Série transmite uma sensação de crueza brutal
ESTHER HAMBURGER
ESPECIAL PARA A FOLHA
A Segunda Guerra marca a
ascensão dos EUA à posição
de potência mundial. A entrada
decisiva no conflito sinaliza o início de um período glorioso na história do país, um período de otimismo hoje distante. "Band of
Brothers", a premiada superprodução de Steven Spielberg e Tom
Hanks que a HBO coloca a partir
de amanhã no ar, é sintomática da
perda de legitimidade do heroísmo engajado de então.
O seriado, em dez capítulos de
uma hora, conta a história de uma
companhia de pára-quedistas
treinada durante dois anos em solo americano para entrar na guerra em 1944. Acompanhamos as
desventuras de um grupo de soldados e oficiais que fizeram história na Normandia, na Holanda e
no ninho de Hitler, a Alemanha.
O tom é tristemente determinado. A cuidadosa reconstituição
histórica de uniformes e cenários
celebra a camaradagem de moços
voluntários, escolhidos para ser
soldados de elite. E ao longo da
ação vemos a solidariedade que se
constrói com base não na conversa, mas na convivência brutal.
Não há mulheres, pais ou filhos
nessa campanha. Os soldados estão isolados do mundo civil, que
irrompe em raros momentos na
figura eventual de um velhinho ciclista inglês ou dos habitantes de
uma cidade holandesa na zona
ocupada pelos alemães.
Suas vidas se resumem ao exercício bélico, cujo êxito depende
do desprendimento total, equivalente a se considerar morto -para citar a fala de um oficial a um
soldado que vacila no campo de
batalha. E ele completa: "Sem
condescendência, sem compaixão, sem remorso". É dessa obsessão animal que depende a vitória.

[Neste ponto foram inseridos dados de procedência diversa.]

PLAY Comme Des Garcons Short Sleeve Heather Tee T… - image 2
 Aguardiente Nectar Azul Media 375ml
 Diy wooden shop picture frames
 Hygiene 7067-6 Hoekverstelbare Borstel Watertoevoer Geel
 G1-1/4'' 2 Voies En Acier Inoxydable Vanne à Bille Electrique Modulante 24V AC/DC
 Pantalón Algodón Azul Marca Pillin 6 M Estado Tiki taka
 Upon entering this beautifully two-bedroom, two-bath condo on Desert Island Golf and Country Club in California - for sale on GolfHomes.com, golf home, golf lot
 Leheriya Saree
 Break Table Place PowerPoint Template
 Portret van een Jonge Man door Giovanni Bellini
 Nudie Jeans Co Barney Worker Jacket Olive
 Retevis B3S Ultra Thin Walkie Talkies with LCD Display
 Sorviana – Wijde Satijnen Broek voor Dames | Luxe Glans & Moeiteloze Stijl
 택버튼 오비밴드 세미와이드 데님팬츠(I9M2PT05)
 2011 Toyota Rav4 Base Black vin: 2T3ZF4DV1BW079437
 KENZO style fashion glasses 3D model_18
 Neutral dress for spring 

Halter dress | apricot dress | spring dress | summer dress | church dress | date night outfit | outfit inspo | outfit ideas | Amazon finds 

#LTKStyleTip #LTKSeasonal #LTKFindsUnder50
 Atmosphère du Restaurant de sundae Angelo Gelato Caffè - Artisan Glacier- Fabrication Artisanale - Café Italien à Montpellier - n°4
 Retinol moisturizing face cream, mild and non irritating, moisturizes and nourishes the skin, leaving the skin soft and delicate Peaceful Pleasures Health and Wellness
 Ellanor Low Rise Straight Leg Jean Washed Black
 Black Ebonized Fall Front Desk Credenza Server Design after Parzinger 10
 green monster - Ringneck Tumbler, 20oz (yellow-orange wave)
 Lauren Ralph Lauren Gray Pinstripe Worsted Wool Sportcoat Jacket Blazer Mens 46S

Baseado no livro homônimo do
historiador Stephen Ambrose, o
seriado se legitima na alusão documental que inicia e conclui cada episódio. Depoimentos de ex-combatentes em primeiro plano
contra um fundo negro introduzem cada um dos filmes. Ao final,
texto sobre o mesmo fundo escuro informa sobre as consequências imediatas da ação focalizada.
Entre um documento e outro, o
balé masculino violento das trincheiras, metralhadoras e baionetas. Os episódios obedecem à ordem cronológica dos combates.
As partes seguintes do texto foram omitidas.